Of course, you can always use milder filters for an intermediate effect. A simple test strip can visually tell you everything you need to know, to at least get you on first base. That's important because different brands of paper often behave a little differently to split printing strategy. For certain ones, you can't even get a full DMax if at least a token amount of green light is added to the dominant blue exposure - perhaps evidence of a more complex paper emulsion than just two basic layers.
Otherwise, due to experience, I can achieve virtually identical results on VC paper using my conventional CMY colorheads, my RGB true additive colorheads, or my V54 blue-green cold light with optional hard blue vs hard green glass filters over the lens (namely, 47 blue versus 58 green). But ordinarily, my first test strip is done with plain light, and I go from there. It gets fast and intuitive after awhile. Often a single test strip is all I need.

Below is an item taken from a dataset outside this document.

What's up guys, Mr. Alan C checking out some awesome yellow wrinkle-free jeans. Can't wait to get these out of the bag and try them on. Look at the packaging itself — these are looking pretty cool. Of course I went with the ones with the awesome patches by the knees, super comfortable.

But don't expect dense blue and green filters to obey the kind of time adjustment rules expressed in the previous thread. It all depends on the specific light source to begin with; and pure blue is a lot denser and slower to print than green. It's not like working with amber versus magenta VC sheet filter sets.
"Tone" is a tricky term. In color theory it means something completely different than seemingly here or in AA's Zone System jargon. He also synonymously mystified the term, "value" (no doubt as shorthand for grayscale value, which he should have spelled out in full). With reference to black and white printing, I personally use the expression "tone" only when referring to some actual perceptible indicative color shift due to a toning bath - a toner - whether selenium, gold toning, sulfide, split toning, etc.
In color theory, tone is opposite of tint. "Tone" means the addition of white, lightening hues; "tint" means darker or more black. More saturation of color is expressed by "chroma". But now we've got all kinds of computer-speak too, further confusing the terminology. Throw in some cellphone texting acronyms, and even the CIA probably couldn't decipher the meaning.